Records for the exercise: Begin
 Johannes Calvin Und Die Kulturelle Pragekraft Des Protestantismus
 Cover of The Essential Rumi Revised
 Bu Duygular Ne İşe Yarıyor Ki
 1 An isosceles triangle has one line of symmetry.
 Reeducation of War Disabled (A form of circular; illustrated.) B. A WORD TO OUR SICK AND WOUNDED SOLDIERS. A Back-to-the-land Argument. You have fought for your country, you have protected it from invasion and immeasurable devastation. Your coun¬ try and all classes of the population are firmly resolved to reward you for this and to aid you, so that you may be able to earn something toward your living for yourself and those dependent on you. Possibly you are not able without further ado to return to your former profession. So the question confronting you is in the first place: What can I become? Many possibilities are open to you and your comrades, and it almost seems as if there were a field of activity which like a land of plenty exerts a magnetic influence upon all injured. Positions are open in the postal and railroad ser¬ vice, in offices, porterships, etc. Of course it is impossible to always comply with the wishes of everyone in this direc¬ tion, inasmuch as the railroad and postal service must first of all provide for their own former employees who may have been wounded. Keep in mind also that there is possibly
Records for the exercise: End
Records for the exercise: Begin
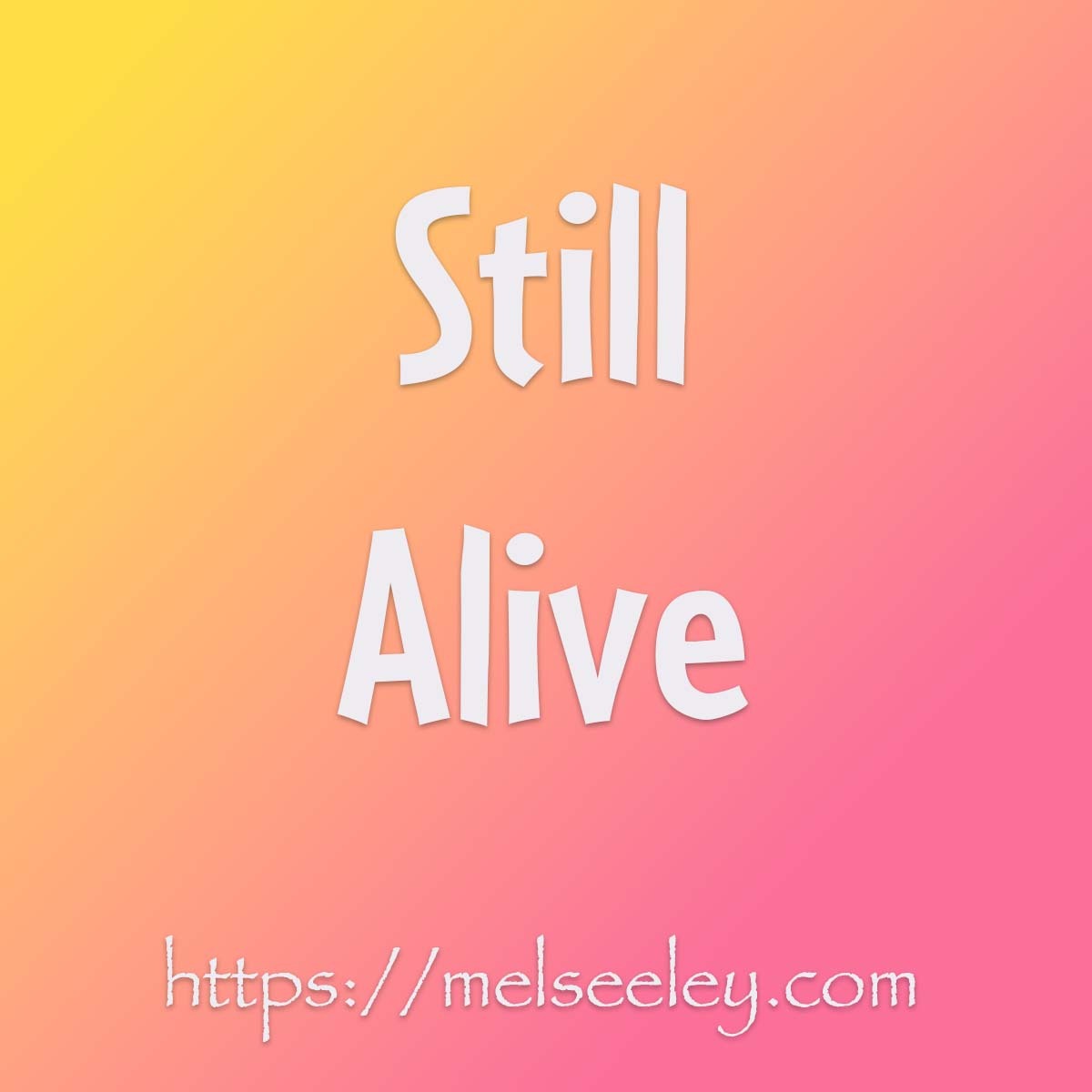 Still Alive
Records for the exercise: End
Records for the exercise: Begin
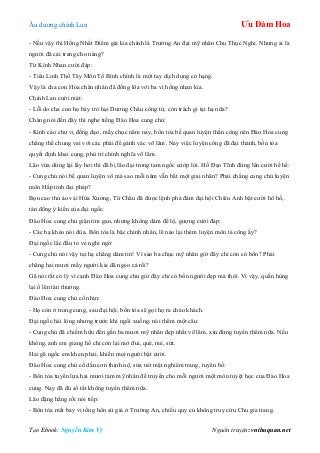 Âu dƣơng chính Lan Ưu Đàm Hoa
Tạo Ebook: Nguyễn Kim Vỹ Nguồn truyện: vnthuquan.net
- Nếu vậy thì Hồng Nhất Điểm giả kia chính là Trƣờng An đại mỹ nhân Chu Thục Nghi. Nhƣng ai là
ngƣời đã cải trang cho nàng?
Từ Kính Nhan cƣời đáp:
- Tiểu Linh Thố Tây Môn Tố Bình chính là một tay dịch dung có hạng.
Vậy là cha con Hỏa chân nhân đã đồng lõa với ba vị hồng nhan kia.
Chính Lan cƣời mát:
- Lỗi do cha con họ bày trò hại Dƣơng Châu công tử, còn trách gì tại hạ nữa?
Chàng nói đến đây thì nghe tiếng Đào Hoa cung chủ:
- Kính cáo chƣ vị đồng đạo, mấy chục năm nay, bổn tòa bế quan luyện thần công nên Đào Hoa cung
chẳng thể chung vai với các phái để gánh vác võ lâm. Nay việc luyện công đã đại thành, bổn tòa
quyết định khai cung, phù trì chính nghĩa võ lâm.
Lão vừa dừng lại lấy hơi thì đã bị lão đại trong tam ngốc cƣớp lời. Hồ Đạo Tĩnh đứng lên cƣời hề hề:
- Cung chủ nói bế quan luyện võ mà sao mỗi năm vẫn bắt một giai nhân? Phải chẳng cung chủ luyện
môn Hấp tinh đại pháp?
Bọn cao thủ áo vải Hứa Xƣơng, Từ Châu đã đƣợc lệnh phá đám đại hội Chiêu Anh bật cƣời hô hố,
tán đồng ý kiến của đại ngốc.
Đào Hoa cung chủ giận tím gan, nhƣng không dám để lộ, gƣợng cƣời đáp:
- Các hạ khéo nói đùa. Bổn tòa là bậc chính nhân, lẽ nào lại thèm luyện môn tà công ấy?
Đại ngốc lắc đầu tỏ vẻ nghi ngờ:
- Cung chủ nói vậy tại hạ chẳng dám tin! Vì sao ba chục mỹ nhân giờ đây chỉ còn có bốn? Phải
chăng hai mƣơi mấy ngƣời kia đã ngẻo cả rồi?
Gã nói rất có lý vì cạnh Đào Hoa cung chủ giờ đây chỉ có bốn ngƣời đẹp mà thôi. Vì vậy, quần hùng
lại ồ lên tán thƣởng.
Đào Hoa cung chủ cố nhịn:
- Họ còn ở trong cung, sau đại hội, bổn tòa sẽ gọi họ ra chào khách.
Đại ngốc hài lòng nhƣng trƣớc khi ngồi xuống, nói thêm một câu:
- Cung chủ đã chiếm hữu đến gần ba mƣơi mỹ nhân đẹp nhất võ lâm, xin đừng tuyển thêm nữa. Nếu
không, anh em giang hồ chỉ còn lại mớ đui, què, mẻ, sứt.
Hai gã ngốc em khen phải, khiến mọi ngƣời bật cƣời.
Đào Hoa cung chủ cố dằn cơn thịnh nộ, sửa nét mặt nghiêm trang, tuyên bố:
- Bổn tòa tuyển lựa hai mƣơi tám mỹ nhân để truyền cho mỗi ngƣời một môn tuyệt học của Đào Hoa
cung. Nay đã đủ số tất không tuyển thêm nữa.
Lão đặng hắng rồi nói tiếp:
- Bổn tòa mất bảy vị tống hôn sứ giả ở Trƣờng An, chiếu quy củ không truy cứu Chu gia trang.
Records for the exercise: End
What are the lines above, starting at the one with "Tạo Ebook: Nguyễn" and ending at the one with "- Cung chủ nói bế"? Give them again exactly, and only them.

# Answer below:
Tạo Ebook: Nguyễn Kim Vỹ Nguồn truyện: vnthuquan.net
- Nếu vậy thì Hồng Nhất Điểm giả kia chính là Trƣờng An đại mỹ nhân Chu Thục Nghi. Nhƣng ai là
ngƣời đã cải trang cho nàng?
Từ Kính Nhan cƣời đáp:
- Tiểu Linh Thố Tây Môn Tố Bình chính là một tay dịch dung có hạng.
Vậy là cha con Hỏa chân nhân đã đồng lõa với ba vị hồng nhan kia.
Chính Lan cƣời mát:
- Lỗi do cha con họ bày trò hại Dƣơng Châu công tử, còn trách gì tại hạ nữa?
Chàng nói đến đây thì nghe tiếng Đào Hoa cung chủ:
- Kính cáo chƣ vị đồng đạo, mấy chục năm nay, bổn tòa bế quan luyện thần công nên Đào Hoa cung
chẳng thể chung vai với các phái để gánh vác võ lâm. Nay việc luyện công đã đại thành, bổn tòa
quyết định khai cung, phù trì chính nghĩa võ lâm.
Lão vừa dừng lại lấy hơi thì đã bị lão đại trong tam ngốc cƣớp lời. Hồ Đạo Tĩnh đứng lên cƣời hề hề:
- Cung chủ nói bế quan luyện võ mà sao mỗi năm vẫn bắt một giai nhân? Phải chẳng cung chủ luyện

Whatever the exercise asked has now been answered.